┌─ Input for this task
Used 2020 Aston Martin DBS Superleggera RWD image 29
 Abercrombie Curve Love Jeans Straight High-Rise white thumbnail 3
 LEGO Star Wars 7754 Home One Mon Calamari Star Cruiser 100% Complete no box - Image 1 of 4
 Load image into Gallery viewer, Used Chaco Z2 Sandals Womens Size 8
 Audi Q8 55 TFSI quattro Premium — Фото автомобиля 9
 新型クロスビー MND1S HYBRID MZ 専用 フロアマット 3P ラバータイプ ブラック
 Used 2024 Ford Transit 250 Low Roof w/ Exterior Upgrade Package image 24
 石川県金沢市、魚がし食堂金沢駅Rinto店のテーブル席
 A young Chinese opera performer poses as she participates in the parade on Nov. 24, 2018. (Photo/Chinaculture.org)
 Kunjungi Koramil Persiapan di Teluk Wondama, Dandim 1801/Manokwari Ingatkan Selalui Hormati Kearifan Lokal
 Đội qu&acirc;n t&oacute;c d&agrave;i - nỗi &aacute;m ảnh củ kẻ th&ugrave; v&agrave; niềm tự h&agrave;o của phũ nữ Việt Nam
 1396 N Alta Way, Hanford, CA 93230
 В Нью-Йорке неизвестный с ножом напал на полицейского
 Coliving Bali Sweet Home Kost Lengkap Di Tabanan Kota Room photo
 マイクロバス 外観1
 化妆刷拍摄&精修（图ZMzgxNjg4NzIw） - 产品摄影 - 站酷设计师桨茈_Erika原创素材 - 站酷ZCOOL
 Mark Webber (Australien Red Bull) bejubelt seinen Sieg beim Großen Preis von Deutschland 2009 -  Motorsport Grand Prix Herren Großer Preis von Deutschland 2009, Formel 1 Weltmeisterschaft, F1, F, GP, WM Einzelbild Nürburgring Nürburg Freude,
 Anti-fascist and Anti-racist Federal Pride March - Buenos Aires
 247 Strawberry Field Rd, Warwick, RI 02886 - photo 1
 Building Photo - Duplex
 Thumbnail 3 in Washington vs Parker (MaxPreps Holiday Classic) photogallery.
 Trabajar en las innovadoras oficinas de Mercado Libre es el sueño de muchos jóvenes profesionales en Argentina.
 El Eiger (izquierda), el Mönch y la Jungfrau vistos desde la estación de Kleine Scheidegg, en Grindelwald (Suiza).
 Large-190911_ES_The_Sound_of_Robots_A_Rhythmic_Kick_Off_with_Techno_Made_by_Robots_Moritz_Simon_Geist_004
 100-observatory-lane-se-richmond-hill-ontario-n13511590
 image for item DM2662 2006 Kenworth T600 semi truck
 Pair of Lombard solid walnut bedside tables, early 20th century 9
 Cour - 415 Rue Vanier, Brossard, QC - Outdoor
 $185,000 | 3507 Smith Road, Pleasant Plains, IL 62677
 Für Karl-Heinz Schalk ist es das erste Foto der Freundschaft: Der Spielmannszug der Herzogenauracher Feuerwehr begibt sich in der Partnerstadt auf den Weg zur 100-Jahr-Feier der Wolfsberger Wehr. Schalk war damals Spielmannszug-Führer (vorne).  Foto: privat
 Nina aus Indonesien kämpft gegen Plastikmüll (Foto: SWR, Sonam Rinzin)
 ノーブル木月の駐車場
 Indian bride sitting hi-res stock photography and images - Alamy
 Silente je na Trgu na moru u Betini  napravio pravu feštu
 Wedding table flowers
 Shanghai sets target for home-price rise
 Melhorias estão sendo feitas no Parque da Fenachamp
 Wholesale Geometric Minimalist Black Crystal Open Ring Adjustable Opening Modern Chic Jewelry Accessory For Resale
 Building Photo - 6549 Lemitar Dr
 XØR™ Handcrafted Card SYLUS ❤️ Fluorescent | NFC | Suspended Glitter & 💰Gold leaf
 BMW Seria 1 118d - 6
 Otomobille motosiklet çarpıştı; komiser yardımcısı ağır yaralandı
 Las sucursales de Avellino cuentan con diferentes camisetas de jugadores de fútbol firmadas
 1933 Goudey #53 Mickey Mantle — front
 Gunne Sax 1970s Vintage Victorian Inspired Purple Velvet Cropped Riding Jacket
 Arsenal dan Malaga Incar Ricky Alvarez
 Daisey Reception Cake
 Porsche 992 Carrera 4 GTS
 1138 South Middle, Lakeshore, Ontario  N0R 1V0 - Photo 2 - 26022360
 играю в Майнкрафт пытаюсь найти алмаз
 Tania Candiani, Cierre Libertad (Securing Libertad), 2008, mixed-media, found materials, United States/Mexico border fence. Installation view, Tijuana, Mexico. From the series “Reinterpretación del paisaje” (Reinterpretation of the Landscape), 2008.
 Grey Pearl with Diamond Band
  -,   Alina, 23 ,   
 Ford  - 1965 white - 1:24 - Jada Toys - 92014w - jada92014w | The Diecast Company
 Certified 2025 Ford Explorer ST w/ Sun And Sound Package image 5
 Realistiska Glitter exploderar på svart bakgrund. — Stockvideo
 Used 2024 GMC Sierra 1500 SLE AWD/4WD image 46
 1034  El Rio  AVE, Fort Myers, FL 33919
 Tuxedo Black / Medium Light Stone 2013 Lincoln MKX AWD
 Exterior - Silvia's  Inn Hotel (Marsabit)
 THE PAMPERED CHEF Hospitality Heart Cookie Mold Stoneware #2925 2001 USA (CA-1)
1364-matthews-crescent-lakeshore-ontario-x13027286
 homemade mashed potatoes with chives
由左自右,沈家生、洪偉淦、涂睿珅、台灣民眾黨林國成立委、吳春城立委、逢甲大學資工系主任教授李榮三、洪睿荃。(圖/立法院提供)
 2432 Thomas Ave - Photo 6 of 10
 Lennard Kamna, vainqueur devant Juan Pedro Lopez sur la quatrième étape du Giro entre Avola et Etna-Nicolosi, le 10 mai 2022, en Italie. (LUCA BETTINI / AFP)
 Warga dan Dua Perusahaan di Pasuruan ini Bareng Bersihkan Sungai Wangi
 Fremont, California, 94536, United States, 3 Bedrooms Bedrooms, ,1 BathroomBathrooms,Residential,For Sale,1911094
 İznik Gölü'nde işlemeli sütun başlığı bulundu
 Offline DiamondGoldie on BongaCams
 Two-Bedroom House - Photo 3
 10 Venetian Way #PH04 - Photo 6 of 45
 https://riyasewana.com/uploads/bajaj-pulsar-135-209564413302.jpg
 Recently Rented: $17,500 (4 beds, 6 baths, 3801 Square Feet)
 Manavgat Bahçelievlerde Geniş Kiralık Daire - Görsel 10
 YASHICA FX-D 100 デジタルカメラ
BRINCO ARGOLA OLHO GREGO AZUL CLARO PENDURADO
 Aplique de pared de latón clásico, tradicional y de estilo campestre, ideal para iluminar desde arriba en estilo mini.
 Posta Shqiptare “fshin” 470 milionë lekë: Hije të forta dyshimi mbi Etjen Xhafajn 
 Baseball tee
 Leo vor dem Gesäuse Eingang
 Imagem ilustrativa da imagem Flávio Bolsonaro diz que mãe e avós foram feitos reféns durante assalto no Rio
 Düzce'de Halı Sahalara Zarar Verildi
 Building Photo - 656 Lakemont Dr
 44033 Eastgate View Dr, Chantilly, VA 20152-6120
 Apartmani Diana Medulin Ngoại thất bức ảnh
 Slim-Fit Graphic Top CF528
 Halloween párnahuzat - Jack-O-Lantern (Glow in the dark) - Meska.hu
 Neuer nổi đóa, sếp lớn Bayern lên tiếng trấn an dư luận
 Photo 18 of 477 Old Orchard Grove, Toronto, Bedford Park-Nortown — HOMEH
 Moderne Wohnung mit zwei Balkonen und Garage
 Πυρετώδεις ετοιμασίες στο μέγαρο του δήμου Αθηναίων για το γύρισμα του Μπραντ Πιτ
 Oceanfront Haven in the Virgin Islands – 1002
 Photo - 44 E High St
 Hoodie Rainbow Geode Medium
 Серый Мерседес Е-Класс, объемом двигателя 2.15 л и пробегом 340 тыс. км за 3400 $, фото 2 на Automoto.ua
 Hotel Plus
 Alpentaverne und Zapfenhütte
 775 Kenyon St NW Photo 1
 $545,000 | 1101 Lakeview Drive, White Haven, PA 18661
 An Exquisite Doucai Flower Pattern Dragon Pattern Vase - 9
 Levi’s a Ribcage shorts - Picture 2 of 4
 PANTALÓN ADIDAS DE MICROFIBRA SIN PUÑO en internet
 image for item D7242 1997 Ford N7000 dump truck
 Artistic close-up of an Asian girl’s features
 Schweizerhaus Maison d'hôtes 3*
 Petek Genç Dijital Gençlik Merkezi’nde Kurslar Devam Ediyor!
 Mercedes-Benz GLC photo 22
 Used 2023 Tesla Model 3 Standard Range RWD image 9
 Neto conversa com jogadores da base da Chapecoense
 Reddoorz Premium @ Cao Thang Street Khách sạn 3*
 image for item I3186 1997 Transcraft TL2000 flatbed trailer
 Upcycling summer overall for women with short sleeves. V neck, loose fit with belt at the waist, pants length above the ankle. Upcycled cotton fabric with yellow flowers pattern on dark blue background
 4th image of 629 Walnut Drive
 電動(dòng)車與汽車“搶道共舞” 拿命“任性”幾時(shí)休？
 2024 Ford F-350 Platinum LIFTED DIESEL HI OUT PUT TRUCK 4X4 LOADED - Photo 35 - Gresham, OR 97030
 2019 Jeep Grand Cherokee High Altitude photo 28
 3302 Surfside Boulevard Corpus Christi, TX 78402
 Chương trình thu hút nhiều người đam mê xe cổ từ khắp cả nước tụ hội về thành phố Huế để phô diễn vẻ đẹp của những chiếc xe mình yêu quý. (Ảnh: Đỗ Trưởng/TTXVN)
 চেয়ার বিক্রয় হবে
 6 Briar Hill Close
└─
__Work order__
Please give the count of lines above with "Used", nothing else.

__Solution to this exercise__
5